== AIM OF THE TASK ==
Each line in the material below, starting at the one with "Hey everyone, it's" and ending at the one with "After that I", is to be reproduced exactly; no picture is to be copied.

##############################

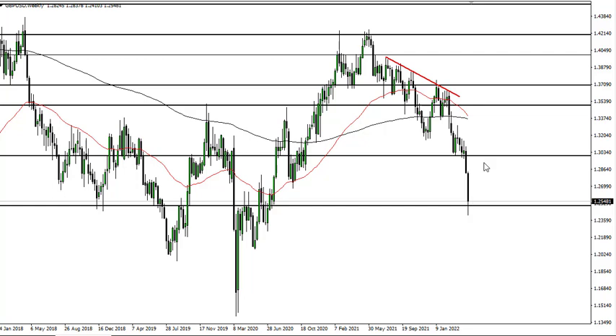It looks to me like if we can break below this candlestick, then we go to 1.20. On the other hand, I think we could get a little bit of a short-term bounce, and signs of exhaustion I think would be a selling opportunity. Really at this point though, daily or maybe four-hour charts are probably going to be your friend.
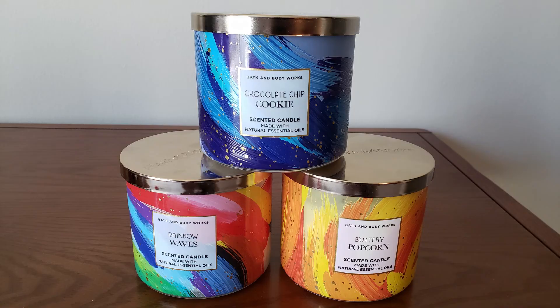Hey everyone, it's Eric. I hope you're having a great 4th of July weekend. Today I wanted to talk about three candles from the Summer Vibes Collection that Bath and Body Works had put out earlier this year.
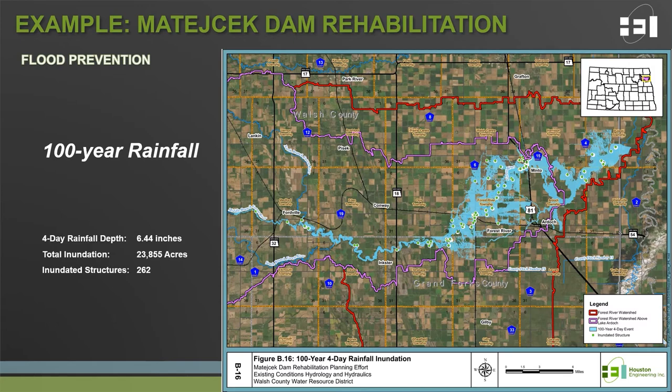This is not only highlighting the need for continued rehabilitation of structures within the Red River Basin, but also continued progress on the 20% flow reduction goals outlined through the Long-Term Flood Solutions Report.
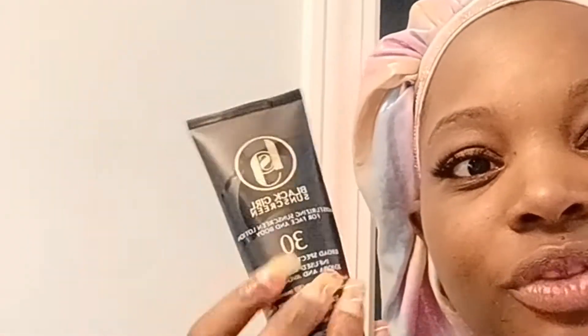After that I moisturize. If I'm going to be in the house and have nowhere to go, I use shea butter. Make sure you're using the real stuff because you want all the benefits of shea butter. If I'm going to be outside, I like to use the Black Girl Sunscreen SPF 30 because it's moisturizing and it does not leave a white cast on your skin.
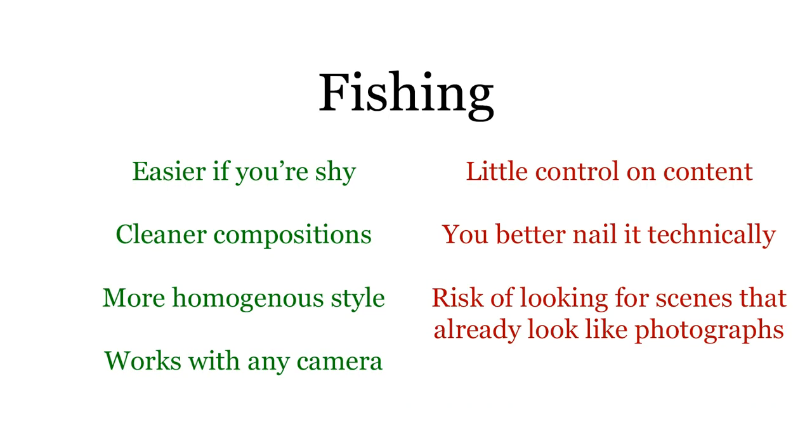Now let's look at pictures made in the fishing style. A quick word on the pros and cons: fishing is easier if you're shy — you'll get confronted much less often. On the flip side, you have less control over your content because you're tied to luck and whoever randomly walks into the frame. Fishing leads to cleaner compositions because you have time to polish your shot, but you better nail it technically — no excuses for slanted horizons, converging lines, or fuzzy focus. Fishing also leads to a more homogeneous style because you chose the aesthetic before the subject.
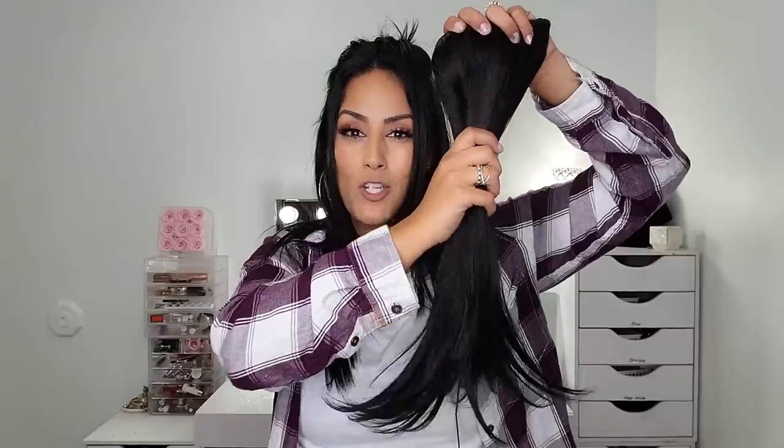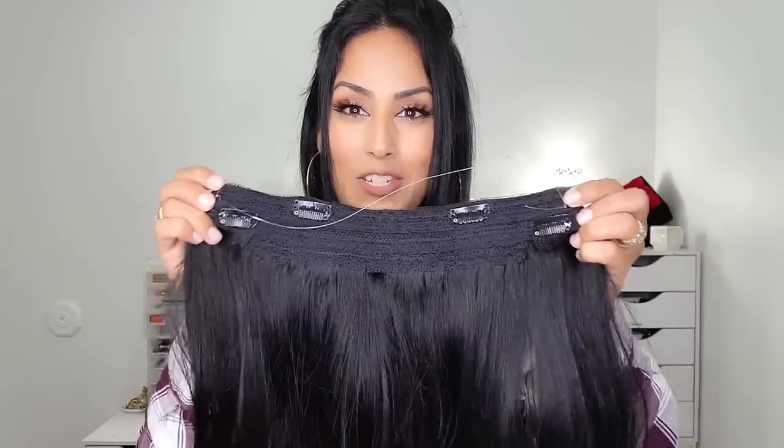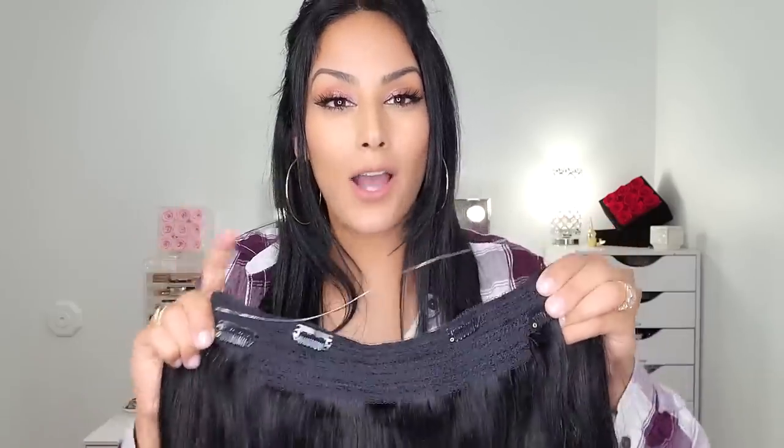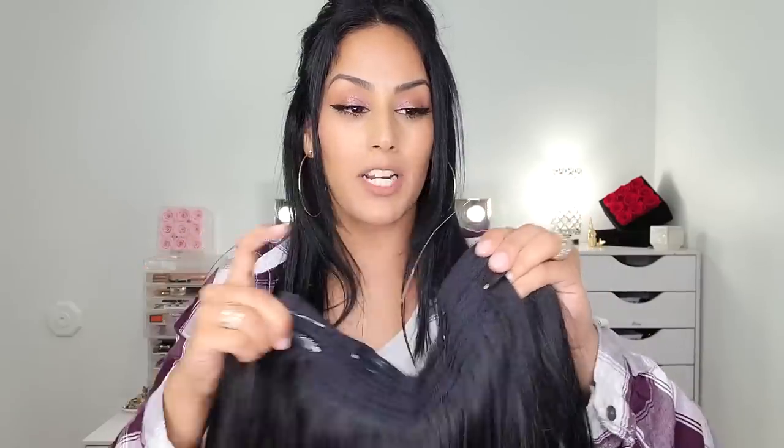Look at the difference — this is no volume, I have some length but you can totally see through it. Now we're going to open the extension. This is 18 inches in jet black — the halo hair extension. You can see from beginning to end what it looks like. You get a thread and some clips; you can add extra clips if you want. The instructions explain how to resize the thread so you can adjust if it's too big or too small.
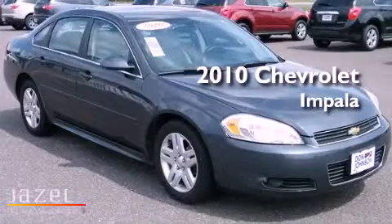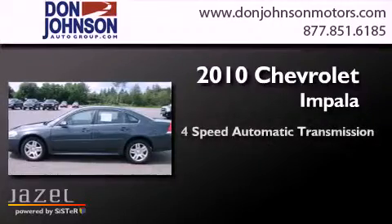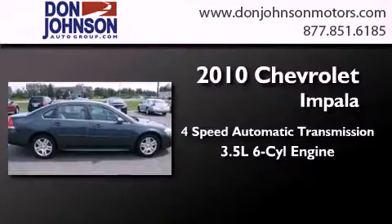This is a 2010 Chevrolet Impala. This four-door sedan has a four-speed automatic transmission and a 3.5-liter V6.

##############################

== FINISHED TASK ==
Hey everyone, it's Eric. I hope you're having a great 4th of July weekend. Today I wanted to talk about three candles from the Summer Vibes Collection that Bath and Body Works had put out earlier this year.
This is not only highlighting the need for continued rehabilitation of structures within the Red River Basin, but also continued progress on the 20% flow reduction goals outlined through the Long-Term Flood Solutions Report.
After that I moisturize. If I'm going to be in the house and have nowhere to go, I use shea butter. Make sure you're using the real stuff because you want all the benefits of shea butter. If I'm going to be outside, I like to use the Black Girl Sunscreen SPF 30 because it's moisturizing and it does not leave a white cast on your skin.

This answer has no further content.